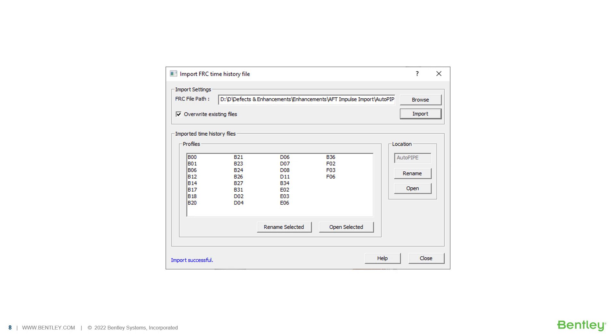FRC files can be generated by AFT Impulse, Flowmaster, Pipenet, and other fluid flow analysis tools.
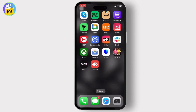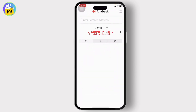After you've installed it, open it up. After you open it up you will see your address and an option to enter a remote address. Here, what you'll need to do is share your address to the person that you want to allow access to.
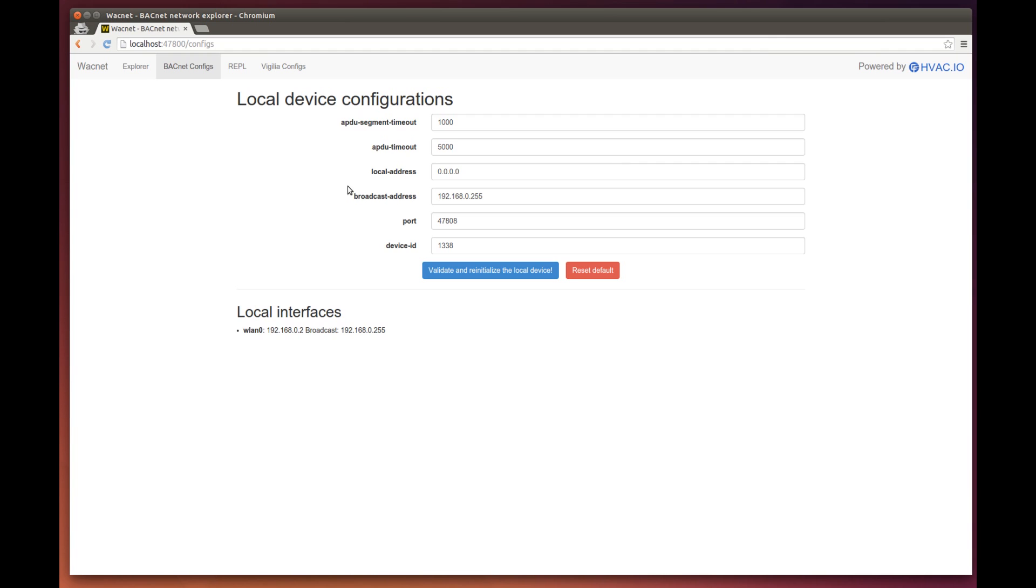The broadcast address is automatically chosen with your network configurations, which means you shouldn't have to change it unless you have more than a single network interface. We'll come back to this later.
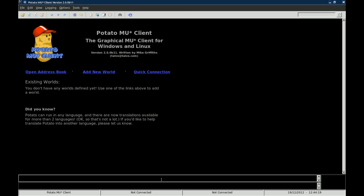Now keep in mind I do not personally use Potato because I've used TinyFugue, which is another command line MUSH client. I've used it for years. It's not as simple as Potato to get started with. There's a lot of configuration options that you have to do with TinyFugue that is not in the Potato MUSH client. So Potato is a lot easier for new MUSH users to play with.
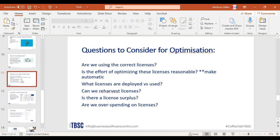If you're looking to optimize your current situation, ask yourself: Are we using the correct licenses? You might be paying for licenses with far more applications than you need, or you may need to upgrade for more functionality. Is the effort of optimizing reasonable? With automation it becomes much more manageable. With Smarter SaaS, re-harvesting a license or emailing someone about compliance can be done with a click of a button.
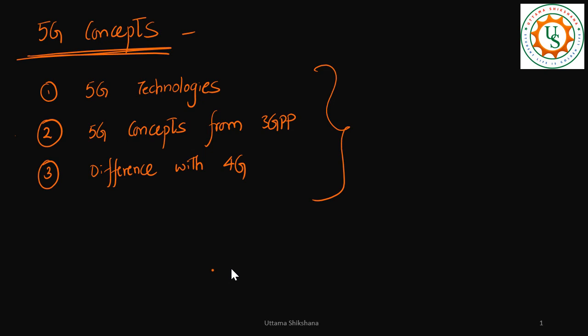Hey guys, welcome back. In this video I want to talk about one more important concept of 5G: bandwidth part. The thing is, I was talking about the increase in bandwidth support in case of 5G, right?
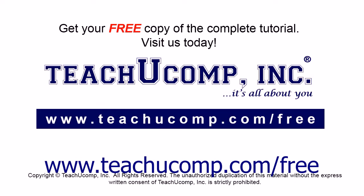Get your free copy of the complete tutorial at www.teachucomp.com forward slash free.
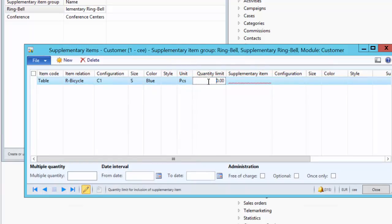Here we have a Quantity Limit field — this defines how many pieces of bicycle are required before we offer the ring bell. In our case it is one, meaning for every piece of bicycle sold, the supplementary product will be offered. If the quantity limit is two, we would need to sell at least two pieces of bicycle to qualify for the supplementary product. We set it to one because for every bicycle sold, we offer a ring bell.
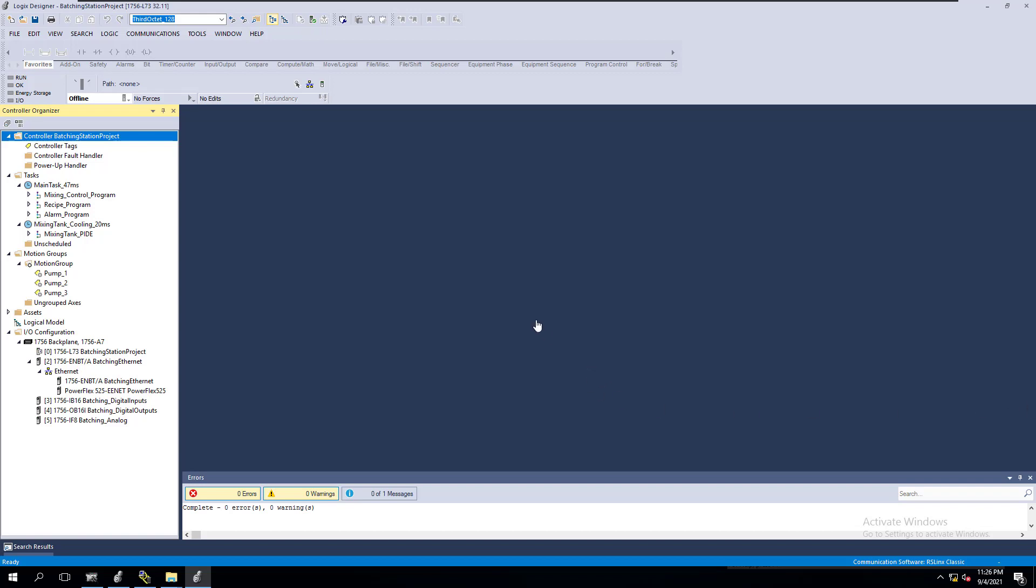In this video, we're going to show you how to take your Studio 5000 version 32 and change it back to version 31 or 33, back down to 31 or 32. You can do that this way.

= = =

What needs to be done —
Please reproduce the listing exactly, leaving out any pictures.

Answer for the task —
FRC files can be generated by AFT Impulse, Flowmaster, Pipenet, and other fluid flow analysis tools.
After you've installed it, open it up. After you open it up you will see your address and an option to enter a remote address. Here, what you'll need to do is share your address to the person that you want to allow access to.
The broadcast address is automatically chosen with your network configurations, which means you shouldn't have to change it unless you have more than a single network interface. We'll come back to this later.
Now keep in mind I do not personally use Potato because I've used TinyFugue, which is another command line MUSH client. I've used it for years. It's not as simple as Potato to get started with. There's a lot of configuration options that you have to do with TinyFugue that is not in the Potato MUSH client. So Potato is a lot easier for new MUSH users to play with.
If you're looking to optimize your current situation, ask yourself: Are we using the correct licenses? You might be paying for licenses with far more applications than you need, or you may need to upgrade for more functionality. Is the effort of optimizing reasonable? With automation it becomes much more manageable. With Smarter SaaS, re-harvesting a license or emailing someone about compliance can be done with a click of a button.
Hey guys, welcome back. In this video I want to talk about one more important concept of 5G: bandwidth part. The thing is, I was talking about the increase in bandwidth support in case of 5G, right?
Get your free copy of the complete tutorial at www.teachucomp.com forward slash free.
Here we have a Quantity Limit field — this defines how many pieces of bicycle are required before we offer the ring bell. In our case it is one, meaning for every piece of bicycle sold, the supplementary product will be offered. If the quantity limit is two, we would need to sell at least two pieces of bicycle to qualify for the supplementary product. We set it to one because for every bicycle sold, we offer a ring bell.
In this video, we're going to show you how to take your Studio 5000 version 32 and change it back to version 31 or 33, back down to 31 or 32. You can do that this way.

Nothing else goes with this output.